===== Extracted records

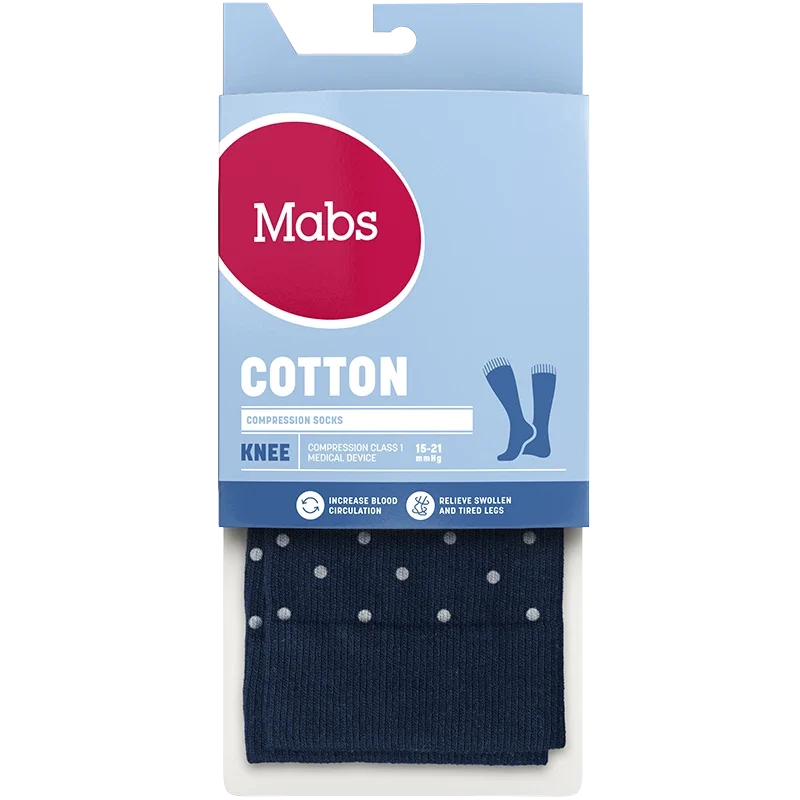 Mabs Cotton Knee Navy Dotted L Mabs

==========
===== Extracted records

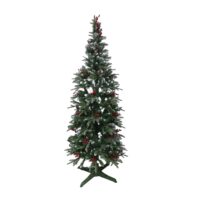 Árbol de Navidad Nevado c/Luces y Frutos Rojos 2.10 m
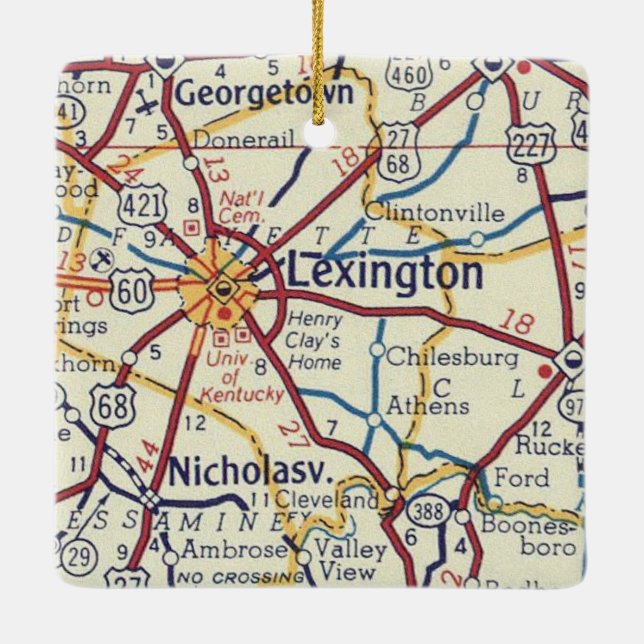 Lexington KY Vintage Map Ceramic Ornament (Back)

==========
===== Extracted records

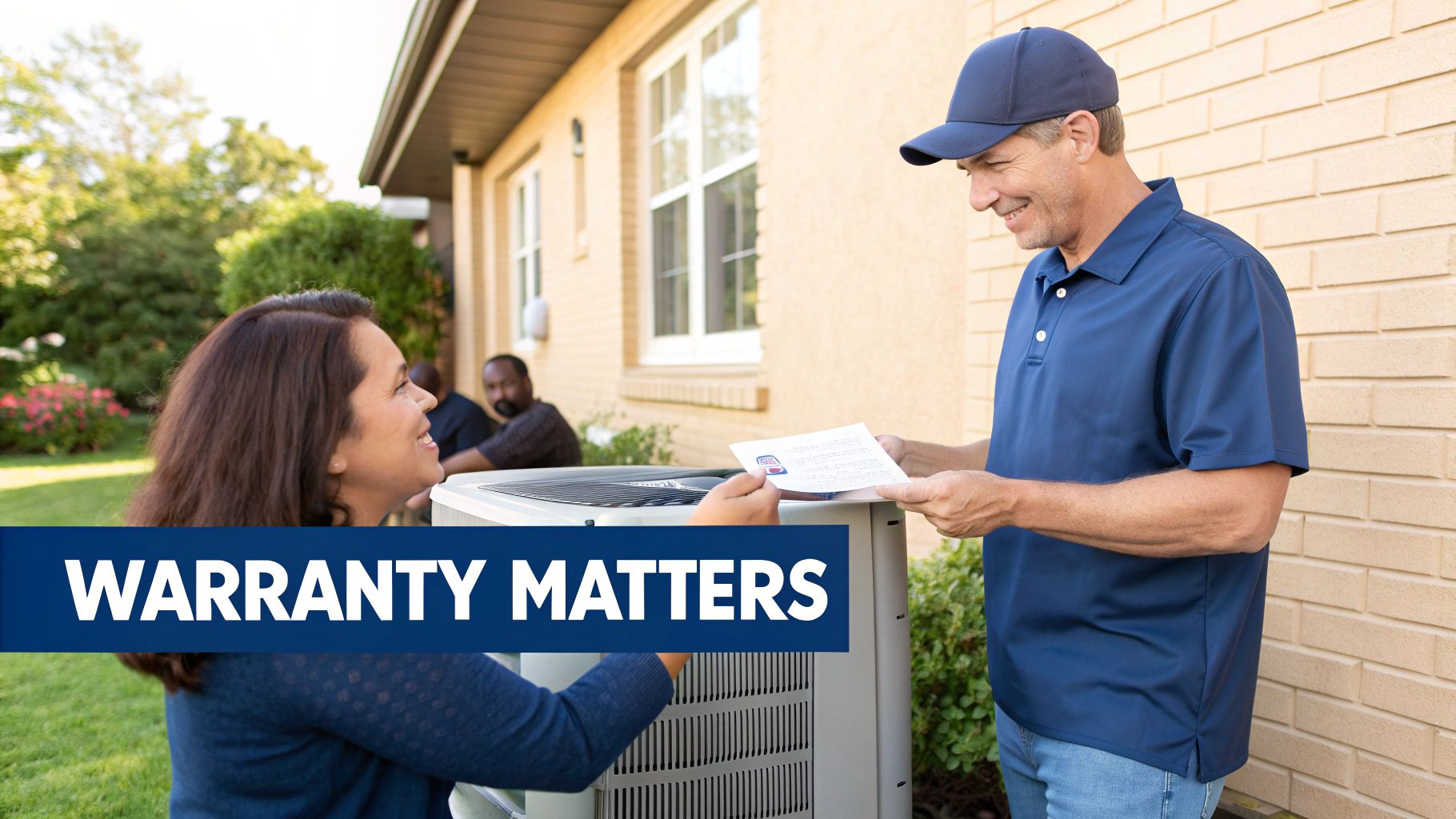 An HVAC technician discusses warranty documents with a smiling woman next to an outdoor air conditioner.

==========

◆ Task to complete:
Although pictures appear among the records above, write out exactly only the lines from the one that has "Árbol de Navidad" through the one that has "Lexington KY Vintage", and leave the pictures out.

◆ Solution to this task:
 Árbol de Navidad Nevado c/Luces y Frutos Rojos 2.10 m
 Lexington KY Vintage Map Ceramic Ornament (Back)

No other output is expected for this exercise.